Rodrigo Brandão, ao se referir à técnica de interpretação conforme à Constituição, enfatiza que a noção de ratio legis não é restrita às escolhas feitas conscientemente pelo legislador, mas engloba também os princípios constitucionais que encontrarem guarida na lei. Portanto, nas hipóteses de interpretação conforme à Constituição, “há desenvolvimento judicial do direito imanente à lei” [7].

Uma parcela de juristas criticou ainda a solução apresentada pelo STFMI nº 7.452/DF, sob a argumentação de que a aplicação das medidas protetivas de urgência previstas na Lei Maria da Penha (Lei 11.340/2006) aos casais homoafetivos do sexo masculino configura analogia in malam partem, vedada na seara penal. Discordamos dessa concepção, na medida em que o STJ, ao julgar o Tema 1.249 [8], firmou entendimento no sentido de que as medidas protetivas de urgência têm natureza jurídica de tutela inibitória (caráter extrapenal).

Não obstante, justamente pela vedação da analogia in malam partem, cabe alertar, que, em se tratando de casais homoafetivos do sexo masculino, o descumprimento das medidas protetivas de urgência configura o crime de desobediência (CP, artigo 330). Na hipótese de mulheres travestis ou transexuais, logicamente o descumprimento de tais medidas configura o delito previsto no artigo 24-A da Lei 11.340/06

Em arremate, entendemos constitucionalmente acertada a decisão do STF de autorizar a aplicação das medidas protetivas de urgência previstas na Lei Maria da Penha (Lei 11.340/2006) aos casais homoafetivos do sexo masculino e às mulheres travestis ou transexuais nas relações intrafamiliares.

Em um Estado Democrático de Direito, as minorias não podem ser subjugadas pela vontade hegemônica da maioria. Para assegurar que isso não aconteça, a própria Constituição relegou ao Judiciário o exercício da função contramajoritária em contrapartida ao papel majoritário exercido pelo Legislativo, como forma de assegurar o equilíbrio entre os poderes. Do contrário, se o STF fosse condescendente com o descaso dos parlamentares em relação às pautas dos setores vulnerabilizados da nossa sociedade, teríamos um regime democrático meramente formal.

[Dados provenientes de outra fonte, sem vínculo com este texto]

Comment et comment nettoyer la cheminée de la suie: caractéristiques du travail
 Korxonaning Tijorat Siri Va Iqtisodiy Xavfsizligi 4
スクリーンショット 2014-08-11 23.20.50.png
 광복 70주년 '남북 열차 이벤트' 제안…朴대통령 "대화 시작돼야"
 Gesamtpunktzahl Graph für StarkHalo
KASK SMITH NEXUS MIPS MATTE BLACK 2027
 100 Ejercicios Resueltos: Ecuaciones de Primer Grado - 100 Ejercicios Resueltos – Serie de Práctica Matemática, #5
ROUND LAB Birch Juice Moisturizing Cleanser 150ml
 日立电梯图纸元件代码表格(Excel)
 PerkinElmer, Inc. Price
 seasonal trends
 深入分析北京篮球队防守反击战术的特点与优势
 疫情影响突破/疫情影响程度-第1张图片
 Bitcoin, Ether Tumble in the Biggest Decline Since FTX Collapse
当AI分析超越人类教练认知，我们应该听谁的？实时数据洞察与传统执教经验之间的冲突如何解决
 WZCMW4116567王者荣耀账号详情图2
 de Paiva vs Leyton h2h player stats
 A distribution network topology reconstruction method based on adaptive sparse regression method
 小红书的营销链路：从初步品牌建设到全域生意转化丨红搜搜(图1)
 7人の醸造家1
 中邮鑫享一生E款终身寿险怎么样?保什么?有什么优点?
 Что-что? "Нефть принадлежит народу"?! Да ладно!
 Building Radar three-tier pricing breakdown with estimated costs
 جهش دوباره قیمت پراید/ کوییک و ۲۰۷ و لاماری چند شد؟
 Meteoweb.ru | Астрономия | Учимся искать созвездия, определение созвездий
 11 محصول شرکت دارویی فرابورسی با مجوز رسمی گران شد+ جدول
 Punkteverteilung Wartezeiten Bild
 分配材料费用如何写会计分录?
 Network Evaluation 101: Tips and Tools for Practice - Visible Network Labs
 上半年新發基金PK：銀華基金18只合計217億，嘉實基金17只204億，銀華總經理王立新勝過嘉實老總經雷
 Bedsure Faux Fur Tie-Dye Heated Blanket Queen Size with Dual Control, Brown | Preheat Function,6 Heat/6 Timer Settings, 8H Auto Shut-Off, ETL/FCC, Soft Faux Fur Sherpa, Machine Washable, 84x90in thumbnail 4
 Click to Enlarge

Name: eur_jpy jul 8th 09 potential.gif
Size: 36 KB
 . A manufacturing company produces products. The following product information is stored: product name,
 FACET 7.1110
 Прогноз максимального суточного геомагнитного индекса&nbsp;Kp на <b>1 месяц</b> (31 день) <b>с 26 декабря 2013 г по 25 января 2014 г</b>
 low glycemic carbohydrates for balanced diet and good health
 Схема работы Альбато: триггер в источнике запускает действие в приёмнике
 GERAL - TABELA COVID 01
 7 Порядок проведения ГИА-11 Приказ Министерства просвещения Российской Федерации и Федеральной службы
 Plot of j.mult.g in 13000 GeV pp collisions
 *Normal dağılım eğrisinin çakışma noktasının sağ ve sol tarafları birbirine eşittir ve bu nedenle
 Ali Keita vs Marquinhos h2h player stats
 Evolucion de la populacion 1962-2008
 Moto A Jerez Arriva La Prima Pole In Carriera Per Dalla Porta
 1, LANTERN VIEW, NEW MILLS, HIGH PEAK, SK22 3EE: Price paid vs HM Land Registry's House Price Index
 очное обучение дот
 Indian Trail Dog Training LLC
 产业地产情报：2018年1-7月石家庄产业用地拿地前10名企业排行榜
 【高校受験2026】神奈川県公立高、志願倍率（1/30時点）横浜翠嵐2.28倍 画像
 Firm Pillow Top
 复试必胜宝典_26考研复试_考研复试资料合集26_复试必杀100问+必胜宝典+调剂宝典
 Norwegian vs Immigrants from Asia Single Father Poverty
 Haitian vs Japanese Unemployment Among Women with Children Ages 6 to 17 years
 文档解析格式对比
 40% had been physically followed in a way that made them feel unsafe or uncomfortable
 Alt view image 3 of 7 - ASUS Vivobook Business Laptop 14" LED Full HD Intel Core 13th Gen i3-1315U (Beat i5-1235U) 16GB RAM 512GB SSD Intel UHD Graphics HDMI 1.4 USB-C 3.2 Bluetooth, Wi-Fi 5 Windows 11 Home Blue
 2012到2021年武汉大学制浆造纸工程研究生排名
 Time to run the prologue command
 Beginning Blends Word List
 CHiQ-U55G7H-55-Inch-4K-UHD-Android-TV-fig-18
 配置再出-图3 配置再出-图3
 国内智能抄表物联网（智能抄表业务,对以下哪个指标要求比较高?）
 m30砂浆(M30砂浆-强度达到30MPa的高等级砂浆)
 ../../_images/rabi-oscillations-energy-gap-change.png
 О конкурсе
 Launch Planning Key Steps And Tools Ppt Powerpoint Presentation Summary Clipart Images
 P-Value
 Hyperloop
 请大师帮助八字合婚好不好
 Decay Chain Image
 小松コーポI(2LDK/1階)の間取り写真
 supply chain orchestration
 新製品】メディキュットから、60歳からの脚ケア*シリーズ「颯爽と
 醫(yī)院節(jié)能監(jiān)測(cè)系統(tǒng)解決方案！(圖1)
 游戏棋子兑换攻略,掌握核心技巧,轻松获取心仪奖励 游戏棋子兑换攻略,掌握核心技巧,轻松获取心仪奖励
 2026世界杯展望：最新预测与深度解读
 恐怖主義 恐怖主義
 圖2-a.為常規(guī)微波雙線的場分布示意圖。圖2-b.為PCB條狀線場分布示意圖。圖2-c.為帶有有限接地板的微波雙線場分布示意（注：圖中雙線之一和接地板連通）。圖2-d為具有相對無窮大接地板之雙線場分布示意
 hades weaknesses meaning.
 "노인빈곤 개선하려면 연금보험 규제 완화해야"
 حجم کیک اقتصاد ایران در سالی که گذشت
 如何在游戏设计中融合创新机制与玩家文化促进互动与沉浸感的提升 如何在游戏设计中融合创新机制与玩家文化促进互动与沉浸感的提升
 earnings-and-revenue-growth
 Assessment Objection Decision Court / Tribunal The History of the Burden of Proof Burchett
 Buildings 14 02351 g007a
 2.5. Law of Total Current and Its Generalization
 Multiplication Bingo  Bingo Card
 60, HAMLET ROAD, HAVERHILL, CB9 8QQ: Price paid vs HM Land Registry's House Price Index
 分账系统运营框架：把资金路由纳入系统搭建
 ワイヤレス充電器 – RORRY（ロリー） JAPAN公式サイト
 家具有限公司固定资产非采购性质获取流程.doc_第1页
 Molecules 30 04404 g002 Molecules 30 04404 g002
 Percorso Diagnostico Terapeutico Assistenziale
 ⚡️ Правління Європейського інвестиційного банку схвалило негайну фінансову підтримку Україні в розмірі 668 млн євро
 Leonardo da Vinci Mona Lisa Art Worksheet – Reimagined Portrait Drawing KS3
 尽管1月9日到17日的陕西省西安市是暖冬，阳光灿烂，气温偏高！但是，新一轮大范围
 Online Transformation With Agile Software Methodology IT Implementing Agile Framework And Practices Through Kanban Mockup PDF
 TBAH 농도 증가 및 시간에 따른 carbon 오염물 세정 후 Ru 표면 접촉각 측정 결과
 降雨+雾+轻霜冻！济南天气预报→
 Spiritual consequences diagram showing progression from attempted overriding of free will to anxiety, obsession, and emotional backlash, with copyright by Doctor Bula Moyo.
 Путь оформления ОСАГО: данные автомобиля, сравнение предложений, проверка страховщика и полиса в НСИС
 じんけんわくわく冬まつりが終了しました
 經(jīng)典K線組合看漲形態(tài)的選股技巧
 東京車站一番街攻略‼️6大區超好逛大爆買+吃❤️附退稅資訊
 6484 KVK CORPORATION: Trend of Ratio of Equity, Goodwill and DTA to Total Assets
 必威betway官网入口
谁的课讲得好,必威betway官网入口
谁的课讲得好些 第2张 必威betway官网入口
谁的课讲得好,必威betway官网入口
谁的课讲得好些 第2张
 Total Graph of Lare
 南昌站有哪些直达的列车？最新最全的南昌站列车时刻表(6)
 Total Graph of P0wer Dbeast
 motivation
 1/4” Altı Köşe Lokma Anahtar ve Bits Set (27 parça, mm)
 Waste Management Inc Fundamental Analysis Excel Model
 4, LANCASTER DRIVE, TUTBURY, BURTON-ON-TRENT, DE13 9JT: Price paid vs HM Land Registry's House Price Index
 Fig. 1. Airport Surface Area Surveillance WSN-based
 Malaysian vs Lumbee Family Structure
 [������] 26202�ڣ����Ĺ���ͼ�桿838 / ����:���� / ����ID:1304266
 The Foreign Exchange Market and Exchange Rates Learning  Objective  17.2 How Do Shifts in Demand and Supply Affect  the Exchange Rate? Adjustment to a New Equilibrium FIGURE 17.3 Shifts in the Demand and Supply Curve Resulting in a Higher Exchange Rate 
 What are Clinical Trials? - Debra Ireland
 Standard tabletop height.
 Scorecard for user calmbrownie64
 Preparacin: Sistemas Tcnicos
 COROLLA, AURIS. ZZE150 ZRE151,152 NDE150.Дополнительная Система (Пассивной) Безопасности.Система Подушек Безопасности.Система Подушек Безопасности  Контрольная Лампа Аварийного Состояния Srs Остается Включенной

O fato de entendermos acertada a decisão ora analisada não significa dizer que reconhecemos ao STF competência para criar tipos penais, logicamente que não. Apenas sustentamos que, na ausência de um diálogo profícuo entre o Congresso Nacional e a Corte Suprema, é dever desta proferir decisões aptas a garantir a autoridade da Constituição, porquanto a comunidade LGBTI+ – assim como outros setores vulnerabilizados da nossa sociedade – não pode ser refém da boa vontade do legislativo, que tem uma pauta inegavelmente populista.

[1] SARLET, Ingo Wolfgang; MARINONI, Luiz Guilherme; MITIDIERO, Daniel. Curso de Direito Constitucional. 2. ed. São Paulo: Revista dos Tribunais, 2013, p.1195.

[2] SALGADO, Eneida Desiree. Populismo judicial, moralismo e desprezo à Constituição: a democracia entre velhos e novos inimigos. In Revista Brasileira de Estudos Políticos, nº117. Belo Horizonte: UFMG, 2018, pp. 193-217 (doi: 10.9732/p.0034-7191.2018v117p193), p.200.

[3] AGRA, Walber de Moura. Curso de Direito Constitucional. 7ª ed. Rio de Janeiro: Forense, 2012, p. 679.

[4] STRECK, Lenio Luiz. Jurisdição Constitucional. 7 ed. Rio de Janeiro: Forense, 2023, p. 389.

[5] Ibidem, p.389

[6]Ibidem, p.390.

[7] BRANDÃO, Rodrigo. Supremacia Judicial versus Diálogos Constitucionais: a quem cabe a última palavra sobre o sentido da Constituição. 3 ed. Rio de Janeiro: Lumen Juris, 2022, p. 191-192.

[8]STJ, REsp 2.071.109-MG, Rel. ministro Joel Ilan Paciornik, Rel. para acórdão Ministro Rogerio Schietti Cruz, Terceira Seção, julgado em 13/11/2024.